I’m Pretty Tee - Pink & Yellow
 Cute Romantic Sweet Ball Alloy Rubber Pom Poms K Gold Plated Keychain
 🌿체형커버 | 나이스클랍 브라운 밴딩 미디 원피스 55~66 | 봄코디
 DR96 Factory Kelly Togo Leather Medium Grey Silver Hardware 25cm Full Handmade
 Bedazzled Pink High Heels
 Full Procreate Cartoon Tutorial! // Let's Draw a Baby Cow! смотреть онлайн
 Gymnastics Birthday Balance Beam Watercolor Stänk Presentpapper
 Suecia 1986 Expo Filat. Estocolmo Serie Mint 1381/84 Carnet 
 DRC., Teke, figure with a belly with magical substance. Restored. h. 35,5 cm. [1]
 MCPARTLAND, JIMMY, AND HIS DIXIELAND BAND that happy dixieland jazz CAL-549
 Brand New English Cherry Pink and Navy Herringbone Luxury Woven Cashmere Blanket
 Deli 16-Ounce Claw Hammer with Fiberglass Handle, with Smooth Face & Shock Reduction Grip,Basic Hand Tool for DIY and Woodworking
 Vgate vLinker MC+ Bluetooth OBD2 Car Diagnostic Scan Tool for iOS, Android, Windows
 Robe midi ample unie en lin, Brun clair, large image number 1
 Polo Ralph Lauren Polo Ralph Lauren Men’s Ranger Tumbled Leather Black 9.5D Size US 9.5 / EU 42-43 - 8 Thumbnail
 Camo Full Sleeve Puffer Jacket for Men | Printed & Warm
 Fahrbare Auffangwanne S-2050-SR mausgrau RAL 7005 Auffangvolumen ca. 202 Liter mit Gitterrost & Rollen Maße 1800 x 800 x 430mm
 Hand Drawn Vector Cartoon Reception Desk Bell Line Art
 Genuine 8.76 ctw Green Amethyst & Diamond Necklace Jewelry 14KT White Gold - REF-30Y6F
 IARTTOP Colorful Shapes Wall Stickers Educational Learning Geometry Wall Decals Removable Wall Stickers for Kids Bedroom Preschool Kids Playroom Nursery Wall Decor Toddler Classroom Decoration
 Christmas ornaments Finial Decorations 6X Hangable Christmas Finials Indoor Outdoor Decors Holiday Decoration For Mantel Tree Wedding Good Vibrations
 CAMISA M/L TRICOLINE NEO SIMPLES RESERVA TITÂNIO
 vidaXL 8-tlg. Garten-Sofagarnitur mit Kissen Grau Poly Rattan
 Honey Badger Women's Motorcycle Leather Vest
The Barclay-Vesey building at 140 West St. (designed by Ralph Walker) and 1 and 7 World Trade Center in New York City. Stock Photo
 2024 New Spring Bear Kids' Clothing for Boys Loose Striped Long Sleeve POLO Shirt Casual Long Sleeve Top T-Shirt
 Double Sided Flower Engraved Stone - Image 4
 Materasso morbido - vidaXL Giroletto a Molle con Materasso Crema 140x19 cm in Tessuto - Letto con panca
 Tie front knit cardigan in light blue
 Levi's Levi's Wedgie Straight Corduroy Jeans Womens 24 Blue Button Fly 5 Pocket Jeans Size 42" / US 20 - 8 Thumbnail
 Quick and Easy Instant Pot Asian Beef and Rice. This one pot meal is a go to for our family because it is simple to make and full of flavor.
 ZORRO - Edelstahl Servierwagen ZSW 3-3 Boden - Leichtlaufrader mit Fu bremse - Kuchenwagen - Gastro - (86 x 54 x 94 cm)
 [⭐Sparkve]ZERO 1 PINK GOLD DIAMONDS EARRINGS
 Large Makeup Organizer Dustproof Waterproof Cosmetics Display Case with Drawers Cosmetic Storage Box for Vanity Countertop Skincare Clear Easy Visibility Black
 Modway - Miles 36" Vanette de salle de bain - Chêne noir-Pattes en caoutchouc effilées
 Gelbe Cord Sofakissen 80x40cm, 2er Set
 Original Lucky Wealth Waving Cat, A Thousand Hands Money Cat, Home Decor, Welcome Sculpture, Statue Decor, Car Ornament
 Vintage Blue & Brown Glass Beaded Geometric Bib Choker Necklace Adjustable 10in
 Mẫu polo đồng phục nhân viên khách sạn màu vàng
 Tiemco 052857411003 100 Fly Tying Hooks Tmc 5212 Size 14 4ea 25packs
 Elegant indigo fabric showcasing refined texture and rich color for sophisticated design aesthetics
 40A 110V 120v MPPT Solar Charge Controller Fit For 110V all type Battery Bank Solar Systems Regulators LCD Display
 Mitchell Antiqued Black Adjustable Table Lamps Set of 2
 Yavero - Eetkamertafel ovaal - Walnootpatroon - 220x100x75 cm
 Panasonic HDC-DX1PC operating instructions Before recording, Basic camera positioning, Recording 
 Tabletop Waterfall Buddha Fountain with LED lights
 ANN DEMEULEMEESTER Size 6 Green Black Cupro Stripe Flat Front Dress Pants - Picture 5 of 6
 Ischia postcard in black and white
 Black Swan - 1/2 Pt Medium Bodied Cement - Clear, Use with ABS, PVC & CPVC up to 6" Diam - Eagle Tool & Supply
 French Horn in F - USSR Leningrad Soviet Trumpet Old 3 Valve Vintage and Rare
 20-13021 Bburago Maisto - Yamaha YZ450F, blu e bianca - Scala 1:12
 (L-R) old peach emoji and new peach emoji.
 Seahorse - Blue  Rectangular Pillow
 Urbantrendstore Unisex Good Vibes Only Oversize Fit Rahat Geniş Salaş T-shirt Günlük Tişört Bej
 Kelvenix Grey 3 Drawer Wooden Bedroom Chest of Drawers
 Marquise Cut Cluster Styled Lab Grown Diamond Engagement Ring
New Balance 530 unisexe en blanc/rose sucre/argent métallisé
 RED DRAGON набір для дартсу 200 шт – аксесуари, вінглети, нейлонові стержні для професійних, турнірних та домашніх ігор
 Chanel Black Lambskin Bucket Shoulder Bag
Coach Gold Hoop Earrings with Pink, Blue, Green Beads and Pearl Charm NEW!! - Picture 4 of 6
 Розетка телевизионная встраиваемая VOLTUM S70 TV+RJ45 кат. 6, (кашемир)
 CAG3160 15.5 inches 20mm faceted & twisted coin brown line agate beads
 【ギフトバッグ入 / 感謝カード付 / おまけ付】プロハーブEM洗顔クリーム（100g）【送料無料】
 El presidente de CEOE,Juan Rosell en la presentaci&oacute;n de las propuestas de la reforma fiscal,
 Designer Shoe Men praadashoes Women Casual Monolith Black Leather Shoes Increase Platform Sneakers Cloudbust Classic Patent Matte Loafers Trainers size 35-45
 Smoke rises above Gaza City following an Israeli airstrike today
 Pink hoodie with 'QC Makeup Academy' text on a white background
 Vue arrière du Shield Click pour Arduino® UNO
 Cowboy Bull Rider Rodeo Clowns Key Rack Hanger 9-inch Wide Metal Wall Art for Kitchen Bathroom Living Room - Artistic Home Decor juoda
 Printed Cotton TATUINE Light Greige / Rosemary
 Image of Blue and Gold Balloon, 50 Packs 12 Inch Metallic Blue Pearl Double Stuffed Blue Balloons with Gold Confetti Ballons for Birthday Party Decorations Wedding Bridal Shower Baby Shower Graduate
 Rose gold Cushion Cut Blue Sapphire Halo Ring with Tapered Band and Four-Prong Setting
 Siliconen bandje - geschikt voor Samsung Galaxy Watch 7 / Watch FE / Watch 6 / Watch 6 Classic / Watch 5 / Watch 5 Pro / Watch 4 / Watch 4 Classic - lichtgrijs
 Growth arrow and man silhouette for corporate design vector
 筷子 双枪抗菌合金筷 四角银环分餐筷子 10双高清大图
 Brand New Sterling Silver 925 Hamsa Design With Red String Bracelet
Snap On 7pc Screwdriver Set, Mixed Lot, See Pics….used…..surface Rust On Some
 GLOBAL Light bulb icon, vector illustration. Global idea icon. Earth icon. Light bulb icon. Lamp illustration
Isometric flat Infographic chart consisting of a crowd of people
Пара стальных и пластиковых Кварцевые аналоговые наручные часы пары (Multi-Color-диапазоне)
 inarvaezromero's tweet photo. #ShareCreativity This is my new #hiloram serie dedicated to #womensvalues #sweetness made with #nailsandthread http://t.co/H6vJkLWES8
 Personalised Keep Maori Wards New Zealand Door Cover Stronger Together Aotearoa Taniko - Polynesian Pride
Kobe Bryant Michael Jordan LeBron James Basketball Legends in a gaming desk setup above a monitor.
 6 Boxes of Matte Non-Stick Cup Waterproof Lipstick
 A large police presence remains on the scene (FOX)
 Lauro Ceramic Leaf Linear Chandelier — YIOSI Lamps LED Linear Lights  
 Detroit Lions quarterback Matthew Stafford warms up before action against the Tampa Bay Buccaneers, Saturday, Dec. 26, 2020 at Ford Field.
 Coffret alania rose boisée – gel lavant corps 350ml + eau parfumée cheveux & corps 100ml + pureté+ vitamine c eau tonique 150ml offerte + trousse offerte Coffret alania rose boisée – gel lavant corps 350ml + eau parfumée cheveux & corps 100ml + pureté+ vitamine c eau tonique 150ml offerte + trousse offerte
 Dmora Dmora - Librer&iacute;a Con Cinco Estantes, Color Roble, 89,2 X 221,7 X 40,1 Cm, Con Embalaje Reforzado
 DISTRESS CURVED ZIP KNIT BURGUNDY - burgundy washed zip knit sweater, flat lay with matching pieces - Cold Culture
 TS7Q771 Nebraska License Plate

### WORK ORDER
Find "Cute Romantic Sweet" in the entries above and copy that whole line exactly, then each line after it through the line that contains "Gymnastics Birthday Balance".

### YOUR SOLUTION
 Cute Romantic Sweet Ball Alloy Rubber Pom Poms K Gold Plated Keychain
 🌿체형커버 | 나이스클랍 브라운 밴딩 미디 원피스 55~66 | 봄코디
 DR96 Factory Kelly Togo Leather Medium Grey Silver Hardware 25cm Full Handmade
 Bedazzled Pink High Heels
 Full Procreate Cartoon Tutorial! // Let's Draw a Baby Cow! смотреть онлайн
 Gymnastics Birthday Balance Beam Watercolor Stänk Presentpapper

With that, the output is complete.